* **Task instructions**: As you print the data below, keep every line exactly as it is and leave the images behind.

* **Source material**:
>>>
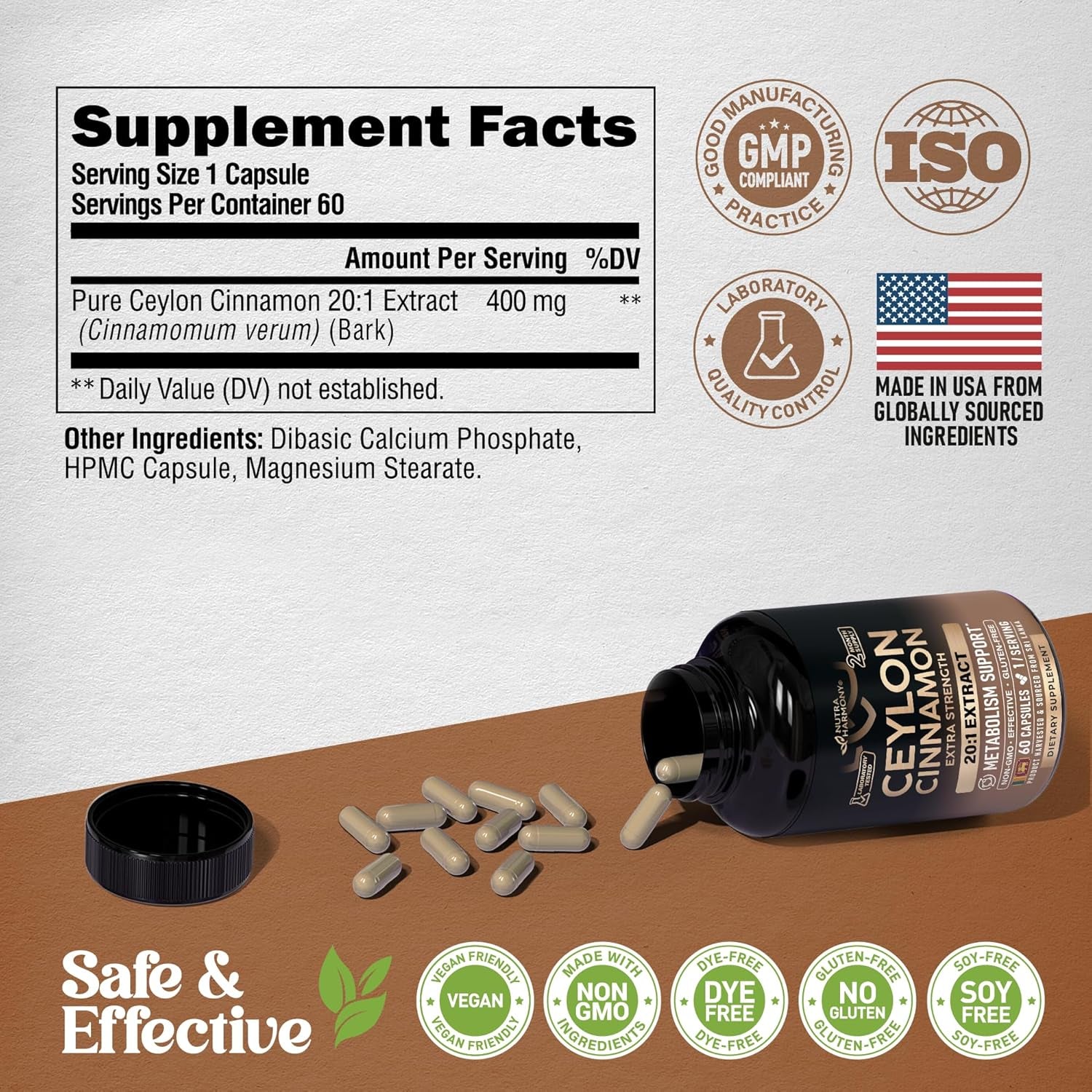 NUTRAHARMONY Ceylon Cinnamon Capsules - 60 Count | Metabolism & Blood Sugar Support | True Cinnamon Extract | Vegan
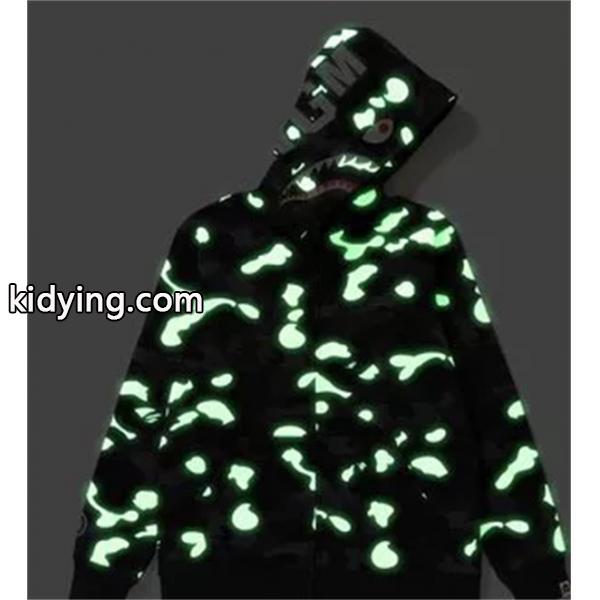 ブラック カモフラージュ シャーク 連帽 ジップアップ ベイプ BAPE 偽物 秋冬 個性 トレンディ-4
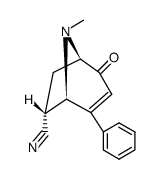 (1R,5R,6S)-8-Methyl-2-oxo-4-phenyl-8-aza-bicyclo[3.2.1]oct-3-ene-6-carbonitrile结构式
<<<
* **Output of the task**:
 NUTRAHARMONY Ceylon Cinnamon Capsules - 60 Count | Metabolism & Blood Sugar Support | True Cinnamon Extract | Vegan
 ブラック カモフラージュ シャーク 連帽 ジップアップ ベイプ BAPE 偽物 秋冬 個性 トレンディ-4
 (1R,5R,6S)-8-Methyl-2-oxo-4-phenyl-8-aza-bicyclo[3.2.1]oct-3-ene-6-carbonitrile结构式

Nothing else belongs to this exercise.